Венгры, болгары, греки дали энергичный отпор нежданным освободителям Гроба Господня. Они беспощадно истребляли крестоносцев, отбирали захваченную ими добычу, преследовали отставших. В стычках крестоносцы несли большие потери. По свидетельству Альберта Аахенского, отряд Петра Пустынника, которому близ г. Ниша пришлось вступить в сражение с византийскими войсками, покинул город, уменьшившись на четверть.
Миновав Филиппополь и Адрианополь, бедняки-крестоносцы направились к греческой столице. Толпы крестьян стали прибывать сюда с середины июля 1096 г. Они уже значительно поредели: ведь прошло три с лишним месяца после начала похода. Первым подошел отряд Готье Неимущего, а две недели спустя, 1 августа, с ним соединился отряд Петра Пустынника. Многим крестьянам, надеявшимся обрести свободу в землях сарацин, не удалось достигнуть даже Константинополя: крестоносцы потеряли в Европе около 30 тыс. человек. Едва ли не целиком погибли отряды Фолькмара, Готшалька и Эмихо Лейнингенского, хотя сами их предводители уцелели и добрались до города на Босфоре.
Деморализованные предшествующими грабежами, крестоносцы и в столице империи повели себя крайне разнузданно. Они разрушали и поджигали дворцы в предместьях города, растаскивали свинцовые плиты, которыми были выложены крыши церквей.

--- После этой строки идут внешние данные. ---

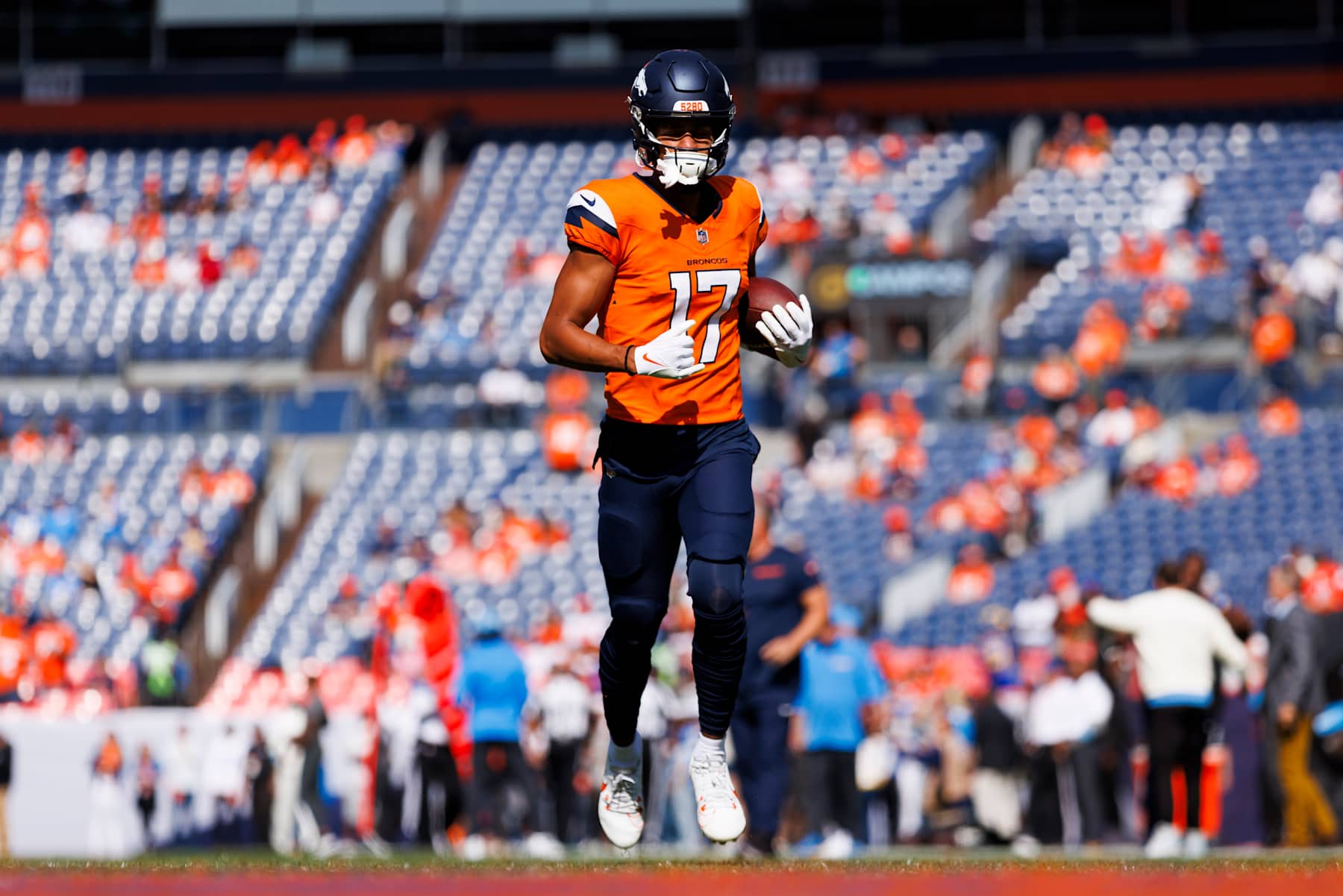 DENVER, COLORADO - OCTOBER 13: Devaughn Vele #17 of the Denver Broncos runs after the catch during the first half against the Los Angeles Chargers at Empower Field At Mile High on October 13, 2024 in Denver, Colorado. (Photo by Ric Tapia/Getty Images)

Византийское правительство вначале попыталось проявить сдержанность и терпимость по отношению к оборванным пришельцам. Алексей Комнин даже принял у себя во дворце Петра Пустынника и Фолькмара. Альберт Аахенский в своей "Иерусалимской истории" рассказывает об этой встрече следующим образом:
"Петр, будучи малого роста, имел великий разум и отличался красноречием. Императорские посланцы привели только его одного вместе с Фолькмаром к императору, чтобы тот удостоверился, верна ли дошедшая до него молва о Петре. И Петр доверчиво встал перед императором, и приветствовал его именем Господа Иисуса Христа, и поведал ему со всеми подробностями, как из любви к Христу и желая посетить его Святой Гроб он оставил родину. Он упомянул также, какие довелось ему за короткое время вынести теперь беды, и сказал императору, что вскоре за ним [Петром. — М. З.] явятся могущественные сеньоры, графы и светлейшие герцоги". В свою очередь, Алексей I посоветовал предводителю крестоносцев-оборванцев дождаться подхода крестоносцев-рыцарей. "Не переправляйтесь через Босфор до прибытия главных сил крестоносного войска, — сказал он, — вы ведь слишком малочисленны, чтобы одолеть турок". Василевс даже снабдил бедняков некоторыми средствами, чтобы дать им возможность удержаться некоторое время в столице. Куда там! Крестьяне рвались к "земле обетованной", и Алексей I, убедившись, что уговоры бесполезны, счел за лучшее поскорее избавиться от непрошеных союзников. Менее чем через неделю после прибытия Петра Пустынника в Константинополь император начал переправлять крестоносцев на азиатский берег Босфора. Толпы пришельцев были собраны и размещены лагерем на южном берегу Никомидийского залива, примерно в 35 км к северо-западу от Никеи. Отсюда отдельные отряды стали на свой страх и риск совершать более или менее отдаленные вылазки, вступали в бои с сельджуками. Петр Пустынник, принявший на себя общее командование, к которому был совершенно непригоден, пытался остановить своих воинов, но это оказалось делом безнадежным. Он вернулся в Константинополь.